Production Quality (2 points)

Not to be deterred from their endless factory model of manufacturing inspirational films ripped off from popular authors, Hallmark always spends the money on production quality.  Clear video quality is evident, as is professional camera work.  Audio quality is consistent throughout, but there’s the ever present generic melancholy-serene Hallmark soundtrack to listen to throughout the scenes.  While the sets and locations seem above board, they are actually quite limited and dressed up to have that ‘magical’ Hallmark look.  As will be expounded upon shortly, the editing is lazy and sloppy, leaving the viewer with a half-effort plot.  In other words, A Time to Dance is business as usual for Hallmark.

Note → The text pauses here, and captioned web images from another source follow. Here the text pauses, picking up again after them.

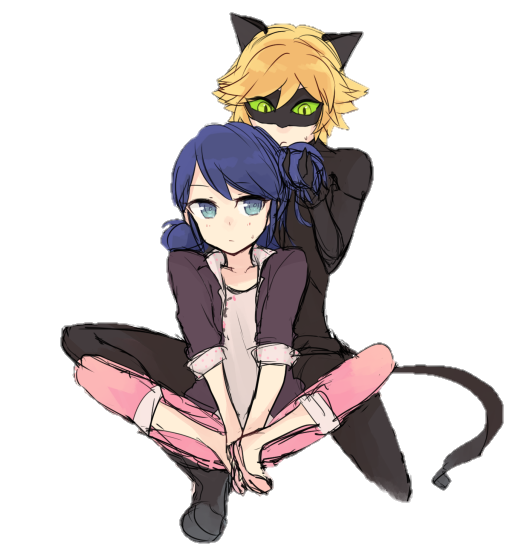 marichat miraculous freetoedit #marichat sticker by @ivinett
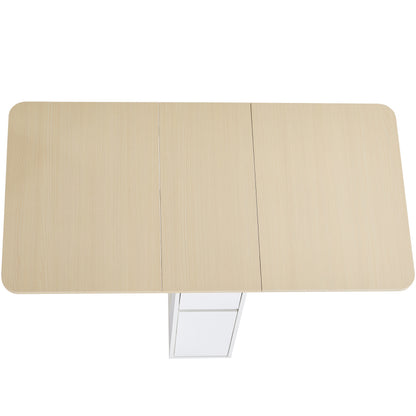Ausziehbarer Bartisch mit Stauraum(110-124×78×97.5cm), für 2-6 Personen, Kücheninseln mit 2 Schubladen, 2 seitliche offene Regale und eingebaute Steckdose,Tischplatte aus weiß marmoriertem MDF,Weiß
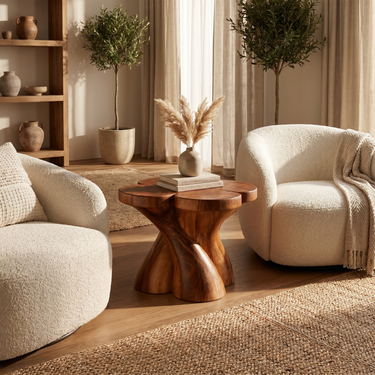 Rustic Modern Side Table For Apartment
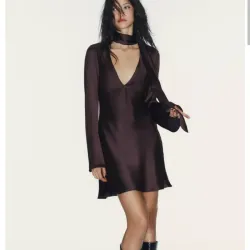 Vestido Satinado ZARA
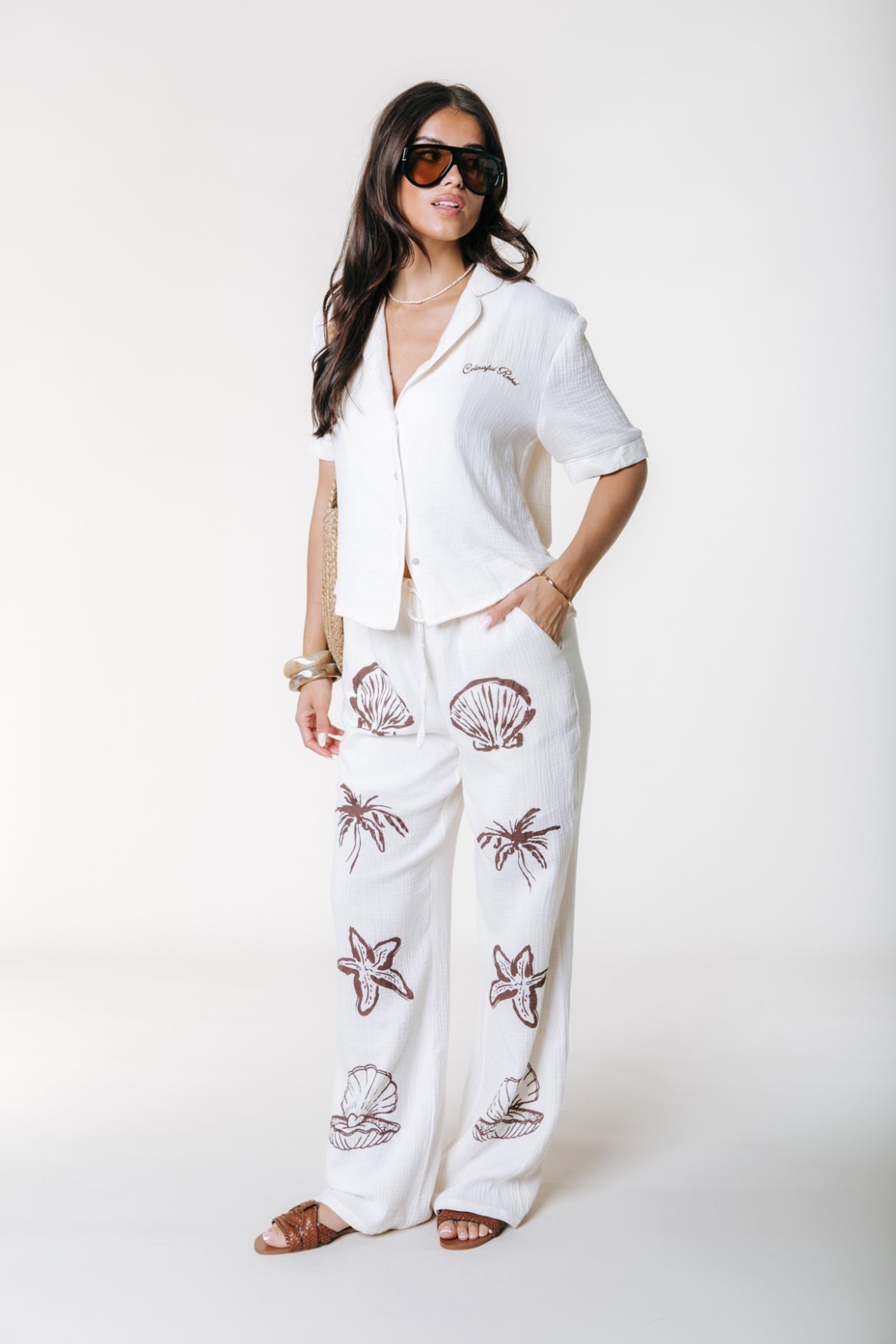 Alix Shell Pants | Off white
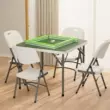 Có thể gập lại bàn vuông mạt chược bàn hộ gia đình đơn giản bàn ăn vuông ngoài trời di động bàn vuông nhỏ bàn ăn ghế gỗ gấp gọn bàn ghế gấp du lịch 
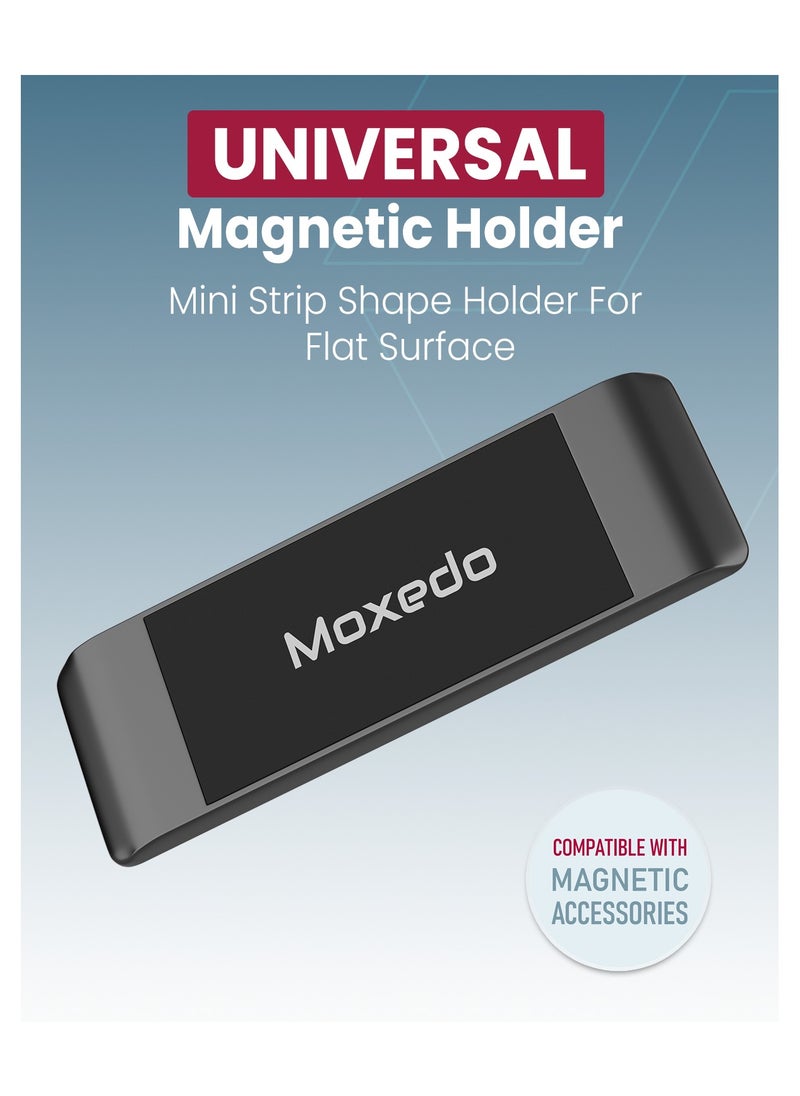 Moxedo - Moxedo Universal Magnetic Holder Mini Strip Shape Holder for Flat Surface with Metal Plates Compatible for iOS, Androids and All Other Phones - Image 1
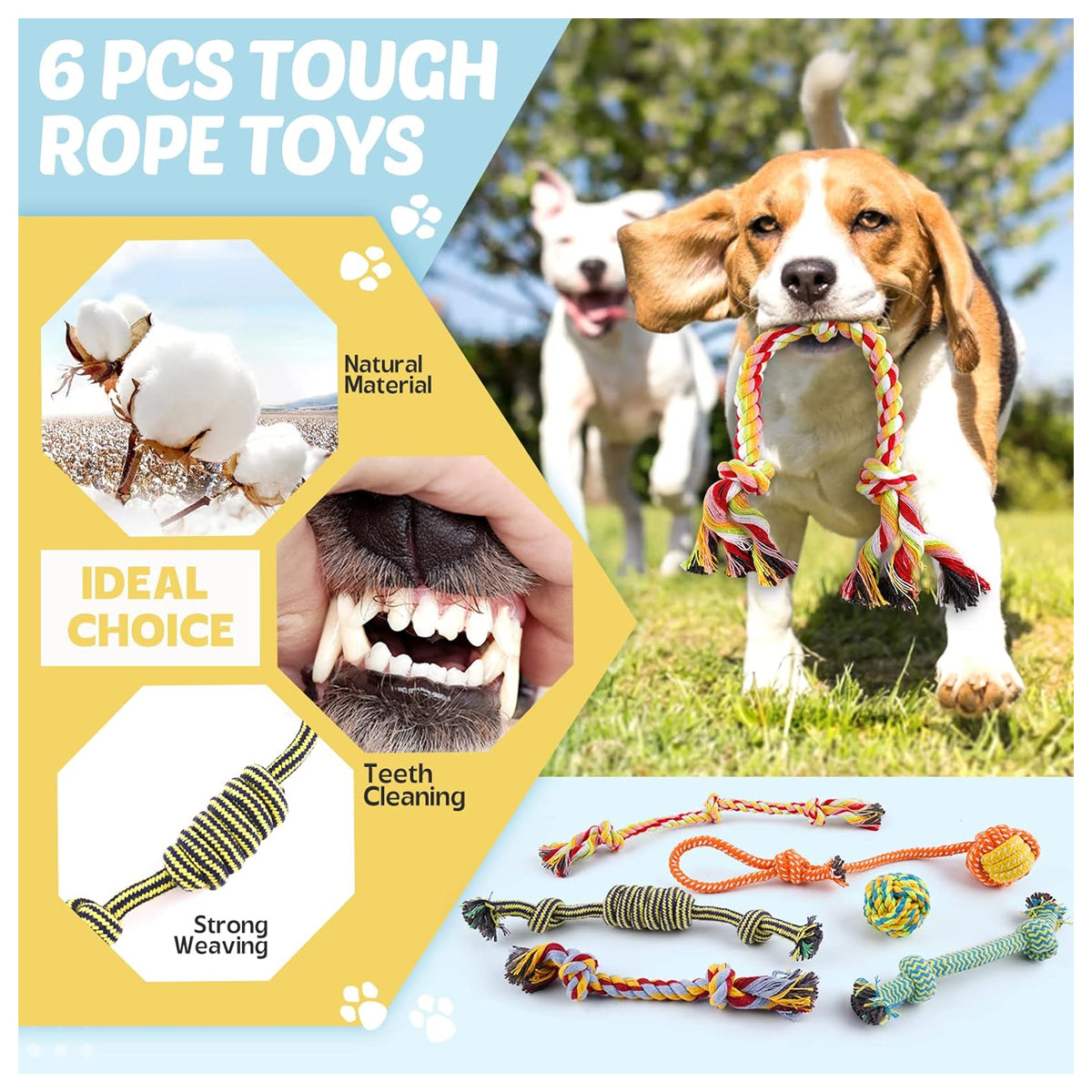 Puppy Toys 21 Pack, Small Dog Chew Toys with Rope Toys for Teething Pet Cute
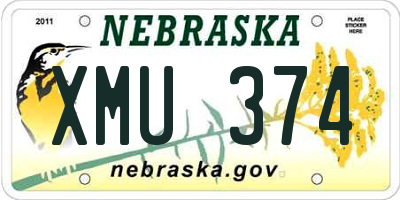 NE license plate XMU374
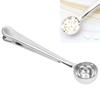 Coffee Spoon Sealing Clip 2 in 1 Stainless Steel Tight Sealing Deepen Design Convenient Practical Coffee Drinking Tools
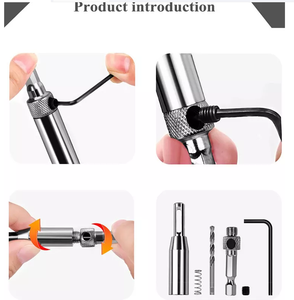 <b>Hinge</b> Drill Bits Set Woodworking Hex Shank Self-Centering Bit For Wood Woodworking <b>Door</b> <b>Window</b> Cabinet <b>Hinge</b> - Product Image 6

Plot and Storyline Quality (0 points)

Anything good about this plot can be credited to Karen Kingsbury, not Hallmark.  The otherwise interesting novel A Time to Dance has officially been #Hallmarked.  What was an intriguing plot about a highly pertinent issue facing many Christians—namely broken marriages—has been transformed into a mellow and boring snoozefest full of the typical Hallmark emptiness and the unrealistic fairy tale alternate realities.  Complete with cardboard characters that spew obvious dialogue designed to drive the plot along, viewers who choose to watch this disaster will be dragged out over a nearly one hundred minute runtime of melancholy delay of the inevitable just to have the so-called conflict resolved in five minutes or less.  The conflicts therein are extremely empty, as are the relationships between the characters.  We can’t appreciate or understand anything they’re going through because it doesn’t seem real.  There is far more telling than showing; for example, we are told about things that happen off screen or are informed of things that happened in the past rather than being provided with a flashback.  Also, the Christian message is very manufactured and plastic.  I could go on and on, but the same old truth remains: Hallmark has no regard for preserving good plot ideas, they only care about making money.

Acting Quality (0 points)

What else is new?  The acting is forced and stiff.  Line delivery is very awkward and sometime monotone; emotions are almost nonexistent.  As usual, every cast member has far too much makeup and look like either washed up wannabes or desperate wannabes.  The Hallmark acting rule is to throw a bunch of big names in the film so the commercials will catch people’s attention but to do nothing to actually coach them.  But at this point, we don’t expect anything different.

Conclusion

Hallmark has a real chance to bring great Christian novels to life.  They have the resources, they have the connections, and they have the marketing to do this well.  But instead, they settle for half-measures to improve their profit margins.  People desperately want to see wholesome entertainment, and Hallmark claims to provide this, but they are short on delivering it.  A Time to Dance could have been an inspiring Christian film on an important topic, but instead, it just became another forgettable show of Hallmark pageantry.